## AIM OF THE TASK
Below are the records. Retype exactly the lines between the lines holding "김민석 총리, 복지시설 현장 돌며 건강검진 사각지대 해소 착수 기사 이미지" and "Famílias abrigadas na", inclusive.

## ENTRIES SHOWN
------------------------------------------------

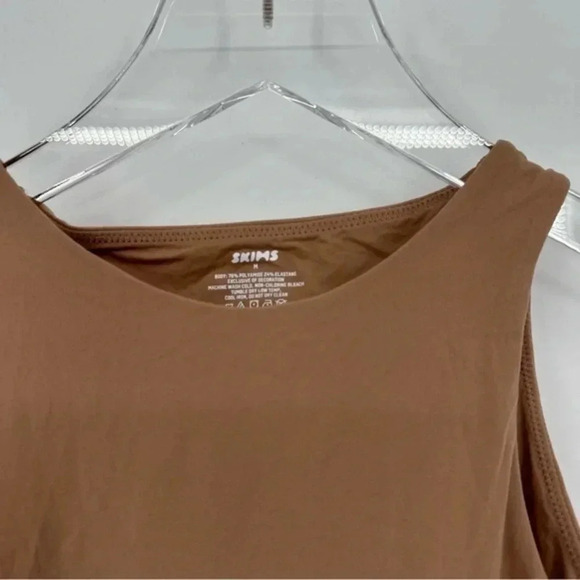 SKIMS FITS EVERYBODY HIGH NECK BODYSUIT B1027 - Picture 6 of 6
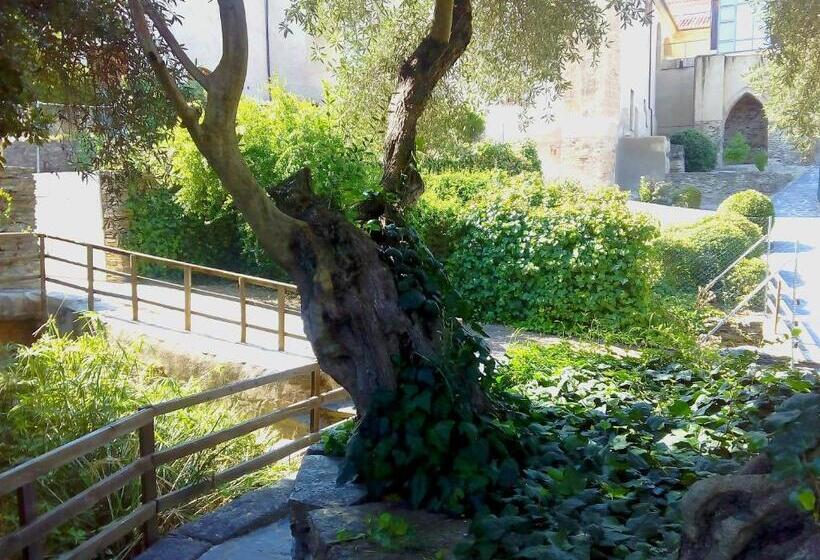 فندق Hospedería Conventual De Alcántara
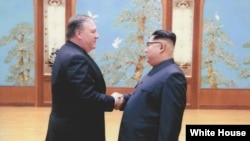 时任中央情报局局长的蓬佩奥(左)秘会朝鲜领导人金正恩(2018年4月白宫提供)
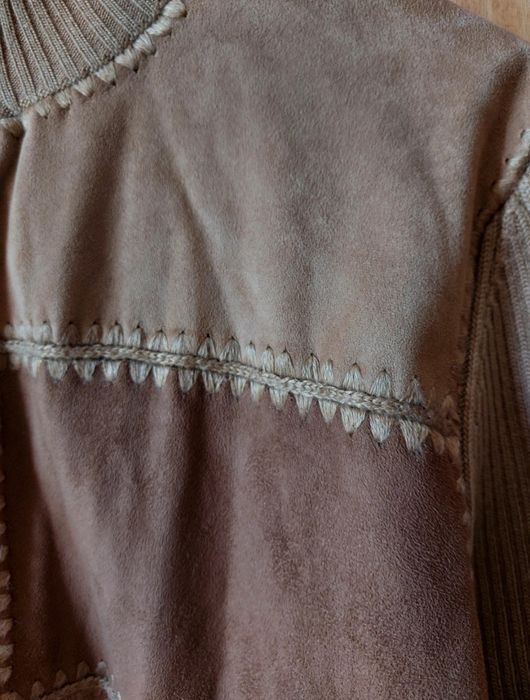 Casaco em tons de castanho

------------------------------------------------

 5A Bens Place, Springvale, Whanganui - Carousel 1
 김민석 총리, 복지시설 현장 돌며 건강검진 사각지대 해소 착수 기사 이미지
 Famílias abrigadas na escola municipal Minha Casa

------------------------------------------------

## REPLY TO THE TASK
 김민석 총리, 복지시설 현장 돌며 건강검진 사각지대 해소 착수 기사 이미지
 Famílias abrigadas na escola municipal Minha Casa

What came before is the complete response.